Le transport pèse autant que la production. Un atoll isolé ne vit pas de son coprah si aucun navire n’y passe : la desserte maritime conditionne la filière tout entière, et le calendrier des goélettes rythme le travail des coprahculteurs.

Une cocoteraie plantée, pas spontanée

Les cocoteraies alignées que l’on voit sur les motu des atolls ne sont pas des formations naturelles. Ce sont des plantations, établies pour l’essentiel à partir du XIXe siècle, lorsque l’huile de coco est devenue une marchandise d’exportation recherchée.
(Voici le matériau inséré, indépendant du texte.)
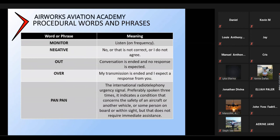Pan-pan is used where you do not require immediate assistance and lives on board the aircraft are not threatened, but you do have a problem which is not so severe — one that pilots are usually very well trained to handle anyway.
Cette origine se lit dans le paysage. Un motu planté en cocotiers présente une végétation régulière et pauvre en espèces, très différente de la forêt littorale d’origine, qui associait plusieurs essences et abritait des colonies d’oiseaux marins.

Une filière soutenue

Le cours mondial de l’huile de coco est volatil et dépend de productions asiatiques sans commune mesure avec celle de la Polynésie. Laissée au seul marché, la coprahculture polynésienne ne serait pas viable, compte tenu des distances et du coût du transport inter-îles.

Un mécanisme territorial de soutien au prix d’achat du coprah existe donc, qui garantit au producteur une rémunération indépendante des variations mondiales. Ce dispositif est régulièrement débattu : il représente une charge publique, mais il constitue l’un des rares outils de maintien de la population dans les archipels éloignés.

Ce que le voyageur en voit

Sur les atolls, les séchoirs à coprah sont visibles depuis la route ou le lagon : des structures basses au toit mobile, que l’on ouvre au soleil et que l’on referme à la pluie. Les sacs empilés près des quais signalent l’approche d’une goélette.

L’odeur, elle, ne s’oublie pas : le coprah en séchage dégage un parfum sucré et gras très reconnaissable, qui imprègne les abords des séchoirs et les cales des navires.

Questions fréquentes sur le coprah

Qu’est-ce que le coprah exactement ?

C’est l’amande de la noix de coco, détachée de sa coque puis séchée. Elle n’est pas destinée à la consommation directe mais à l’extraction d’huile.

Le coprah sert-il à fabriquer le monoï ?

Indirectement, oui. L’huile de coco obtenue à partir du coprah constitue la base dans laquelle les fleurs de tiare sont mises à macérer pour produire le monoï.

La coprahculture existe-t-elle encore aujourd’hui ?

Oui, elle demeure une activité importante des atolls des Tuamotu, soutenue par un mécanisme territorial de prix. Elle a perdu la place centrale qu’elle occupait dans l’économie polynésienne avant le développement du tourisme et de la perliculture.